Be careful about fulling rotating a polarizing filter to completely remove reflections off the water's surface.By doing so, you may actually 'erase' the sense of water even being
there and, instead, produce a scene that simply looks like it is brown or yellow colored rocks.
The image on the left was fully polarized, and although I think it still works, the only real clue that there is water there is the white patches of water at the rapids. The image on the right has some polarization, but I kept enough reflections in the image so it is clear that I am, indeed, photographing a stream scene.
A lot of photographers automatically reach for a polarizer when they are shooting stream or water scenes, as a polarizer will reduce or totally eliminate glare or reflections of the sky.
This works, but one should use a little prudence when doing so, because the presence of some reflection may actually help, and actually create the sense that water is, indeed, present. In a forest stream scene, for example, if the reflection of a sky is eliminated you might end up with what looks like a waterless stream bed strewn with rocks. Reflections in such cases actually adds to the scene, providing a sense of water that clear, reflection-less water cannot.
When I am shooting water, I do think about using an entirely different filter, the Singh-Ray Variable Neutral Density Filter. This filter operates similarly to a polarizing filter, since the variable filter rotates and, by doing so, increases or decreases the amount of neutral density filtration without affecting the color of the scene.
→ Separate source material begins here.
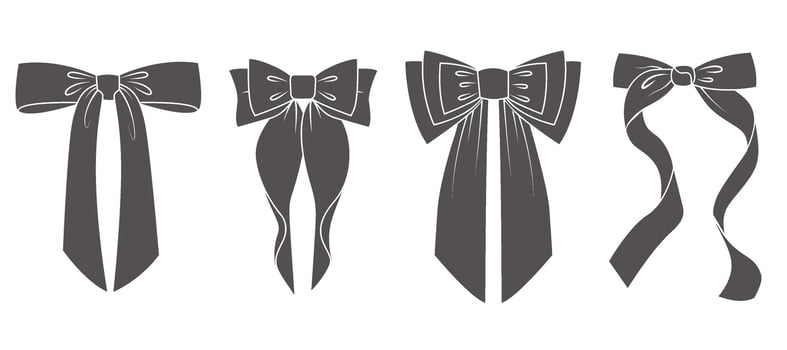 Ribbon bow with knot for gift and hair. Icons and doodle black silhouette. Hand drawn flat design for birthday and Christmas holidays presents decoration. Fashion elements accessories. vector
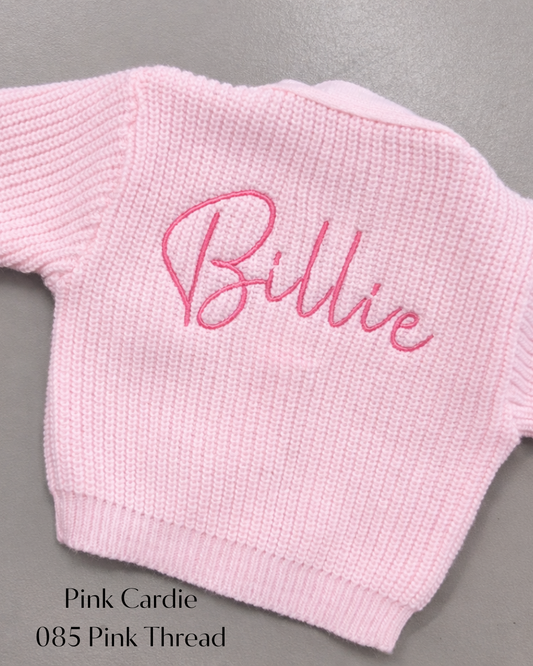 Pink Ribbed Knitted Baby Cardigan | Dandelion | Personalised Option | Newborn to 3–6M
With it, I can use slow shutter speeds even in bright light, which can be very useful for doing 'angel hair' or 'cotton candy' like water - ie water that is shot at very slow shutter speeds so that the current seems to blend.
Here are two examples of using the Singh-Ray Variable Neutral Density Filter...
Above I shot an ice-strewn beach at an extremely slow shutter speed -- approximately 15 seconds, which let the waves washing in create neat abstract tendrils of white.
Below I used an 8 second shutter speed to soften the water and a small aperture to achieve great depth of field.
The filter can also be used quite effectively to create an 'amber waves of grain' type of look. Grasses or grain, for that matter, can be shot so slow that, on a windy day, it sways and ripples to create a soft, blurred sense of wave or motion. This really works well when there is some firm, immobile anchor point - think of a wagon in a field of grain, or a boulder or tree stump in a blowing field. The effects can be striking.
To get these effects a slow shutter speed is needed, but with the variable neutral filters that's easy to do. For example, on a sunny day at ISO 100 the shutter speed will be around 1/60th at f22, too fast a speed to create the blurred effect. Adding a polarizer filter can reduce a shutter speed by one or two stops, getting you down to 1/15th or so.
But the Variable ND filter will take you much further. Dialed down a full eight stops, you'll get an 8 second exposure at f22 - plenty slow enough for most any slow shutter speed effect you'll ever need. The ND filter dials down to 9 stops, but the filter is so dark at that setting that it appears opaque and isn't recommended.
I don't use my variable ND filter often, but it is often in my pack and I'm always looking for a chance to use it. The results are so different that the images are almost guaranteed to be refreshingly new and interesting.
So there you have it - my two most important filters for digital photography.